Hi everyone, I am having a little trouble with deciding on which way this reaction will go. 2-iodo-2-methylpropane with NaN₃ in the solvent of DMF. I believe that no reaction will occur. Since it is tertiary no Sn2 and since NaN₃ is a decent nucleophile and the solvent is protic I figured that removes the Sn1 and E1. I figured E2 would also not occur either because NaN₃ is a better nucleophile than base. I was wondering if this logic was correct, thanks for any help

As you said, Sn2 won't occur because your alkyl halide it is tertiary.

But you are wrong about unimolecular processes... Protic solvents do favor Sn1 or E1 reactions, they help stabilizing the charge of the ions that are formed. But keep in mind that this is not a very important factor in chosing a mechanism, generally both Sn1 and Sn2 can occur in both protic or aprotic solvents.
And obviously the fact that you have a strong nucleophile won't favor nothing to occur in your mixture, but totally the opposite.

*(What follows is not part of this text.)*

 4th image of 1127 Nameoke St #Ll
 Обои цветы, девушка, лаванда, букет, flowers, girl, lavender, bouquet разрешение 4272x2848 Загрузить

You should know that if you have a good leaving group and a good nucleophile, reaction will occur in most cases, the facts to take in account you probably were given (http://jamesash.wpengine.netdna-cdn.com/wp-content/uploads/2012/08/compare-sn1sn2.png) are just to choose which mechanism adapts better to your reaction conditions.

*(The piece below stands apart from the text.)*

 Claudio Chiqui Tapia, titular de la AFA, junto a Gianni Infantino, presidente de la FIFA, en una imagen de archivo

Take a look: http://www.masterorganicchemistry.com/2012/08/08/comparing-the-sn1-and-sn2-reactions/

[Mack]

That is my bad I had a typo DMF is an aprotic solvent...so my problem still stands, I understand that it is the reaction that better adapts yet with so much conflicting its hard to say, but is why I considered E2??

[Altered State]

Like I said solvent characteristics are not determinant.

You have a tertiary alkyl halide, it will be Sn1 or E1 for sure.
You have strong nucleophile and no strong base, it will be Sn1.

[hinhthoi]

Actually there is not much clear cut on whether you should choose SN1 or E1 since both mechanism actually occur. The choice are different based on the condition of the reaction. Academic argument may prefer to choose SN1 because N3- is a better nucleophile than base. But there is no other information related to Pressure and temperature of the reaction. These 2 factors indeed affect the ratio of SN1/E1. Higher temperature and lower pressure prefer E1.

[orgopete]

Even though sodium azide is not a strong base, I still predict an E2 elimination. Hydrazoic acid has about the same acidity as acetic acid, so the result should be the same as treating with sodium acetate. Since the iodide is tertiary, an SN2 reaction will not occur due to the higher electron density donated by the methyl groups. That electron donation lengthen the C-I bond also. Lengthening the C-I bond increases the hyperconjugation of the C-H bonds (which are all equal). If they were not equal, then the more substituted would contribute more (more electron rich). This normally gives a Zaitsev product. In this case, they are all the same, so I predict an E2 elimination.

Because sodium azide is not as basic, I expect the reaction to be slower than a similar reaction in which a stronger base were present. None the less, I expect all other factors to be similarly applicable.

Now, since everything I've said is simply conjecture, I could be wrong. To answer this, it would be helpful if someone could look up this reaction (or similar) and post the results.